- Exercise details -
Each line below is to be copied exactly; images do not go into the copy.
Dataset section start
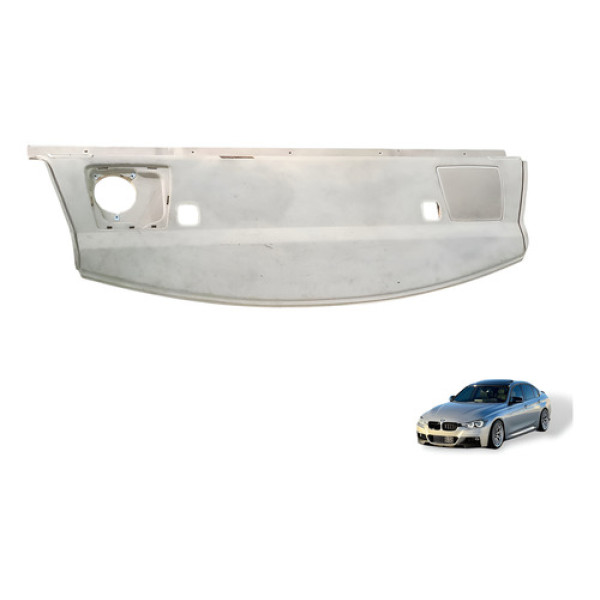 Tampão Bagagito Porta Malas Bmw 320i 2006 À 2012 C/detalhe - Cinza
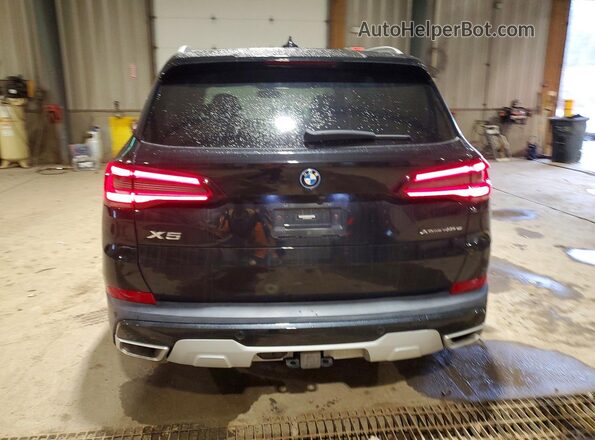 5UXTA6C00N9K05232 2022 BMW X5 Черный Вид сзади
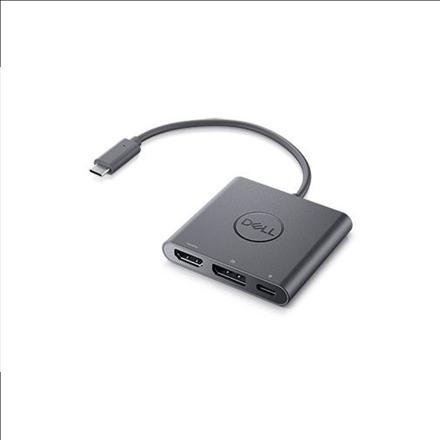 Productafbeelding Dell USB-C naar (DP, HDMI, 18 cm)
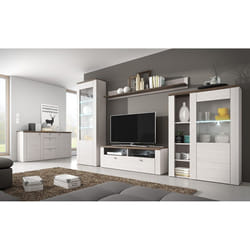 Meublorama DL-HA-LARONA-244BDZ02+05+25+41+44+LED-21000004*9C/207KG armadio soggiorno
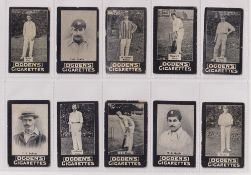 Cigarette cards, Ogden's Tabs, 54 cards all cricket related; Series 97-2 General Interest (14),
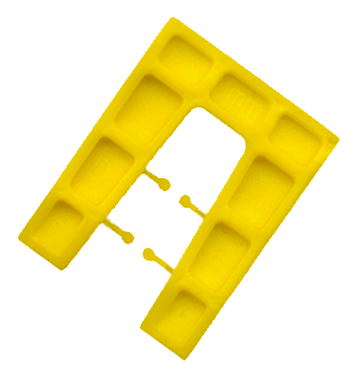 Small 1mm Yellow – 35 x 45mm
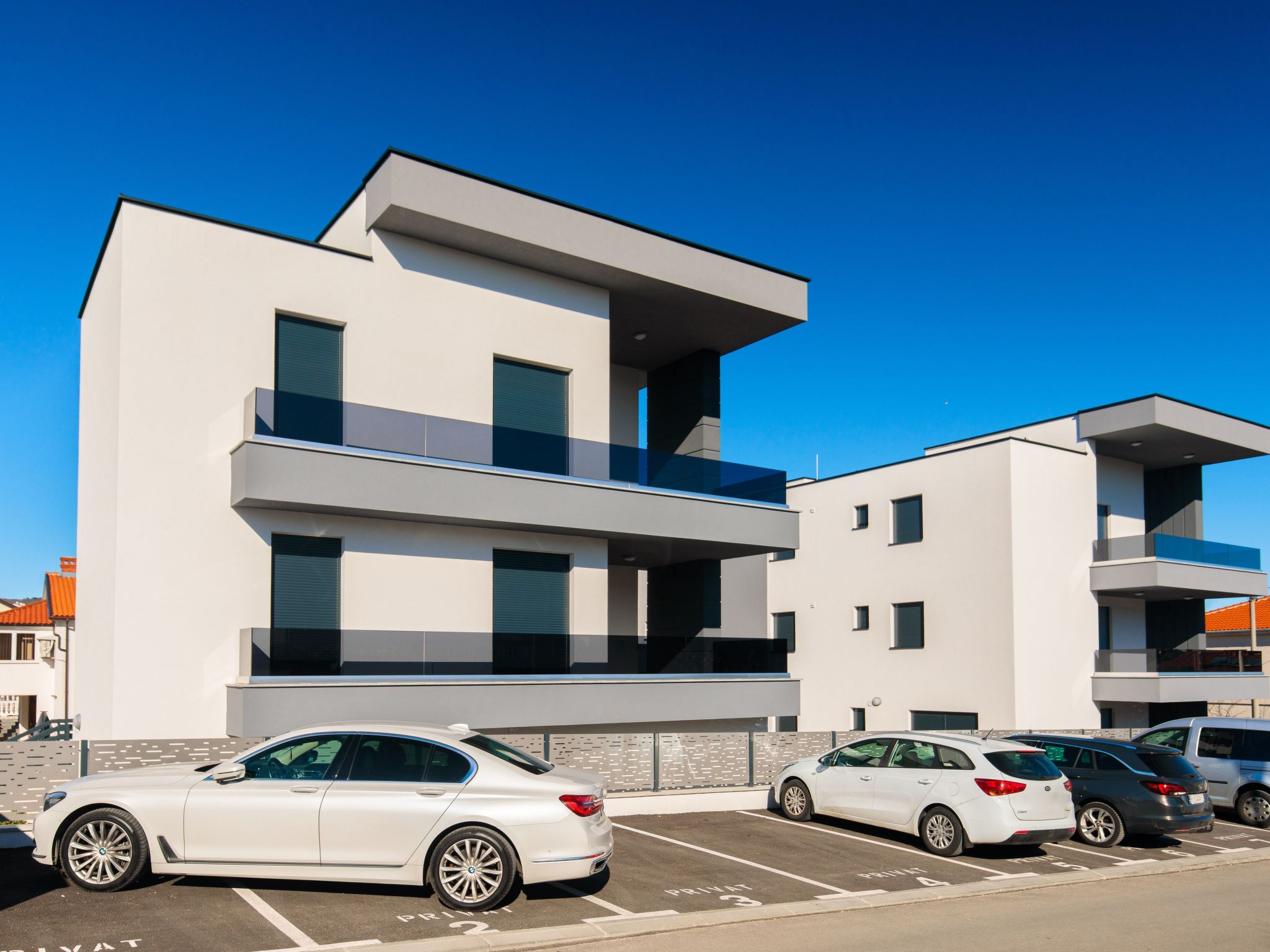 LuxArt Krk City  Spa Residence 1-Binnen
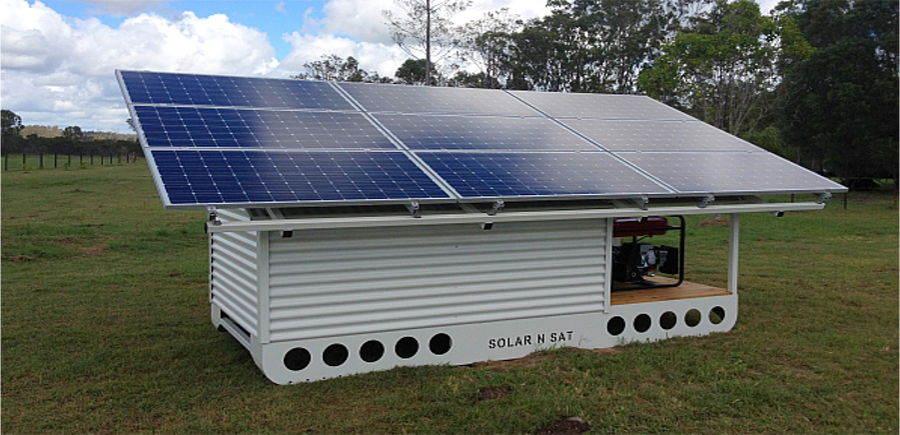 Solar ‘N’ Sat | 4B Mulgrave St, Gin Gin QLD 4671, Australia | Phone: 1300 408 980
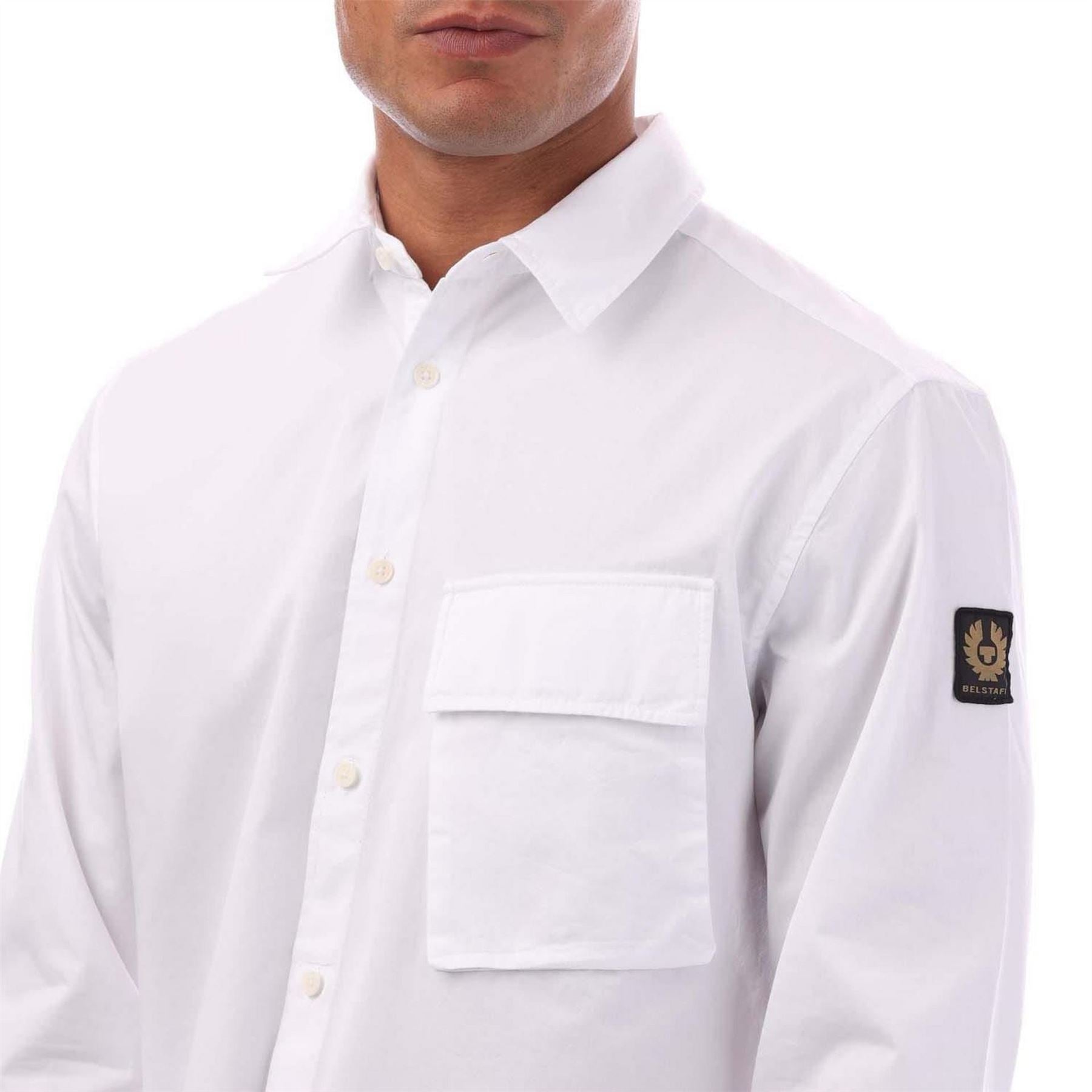 Belstaff Dye Cotton Scale Shirt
Dataset section end
- Solution to the problem -
 Tampão Bagagito Porta Malas Bmw 320i 2006 À 2012 C/detalhe - Cinza
 5UXTA6C00N9K05232 2022 BMW X5 Черный Вид сзади
 Productafbeelding Dell USB-C naar (DP, HDMI, 18 cm)
 Meublorama DL-HA-LARONA-244BDZ02+05+25+41+44+LED-21000004*9C/207KG armadio soggiorno
 Cigarette cards, Ogden's Tabs, 54 cards all cricket related; Series 97-2 General Interest (14),
 Small 1mm Yellow – 35 x 45mm
 LuxArt Krk City  Spa Residence 1-Binnen
 Solar ‘N’ Sat | 4B Mulgrave St, Gin Gin QLD 4671, Australia | Phone: 1300 408 980
 Belstaff Dye Cotton Scale Shirt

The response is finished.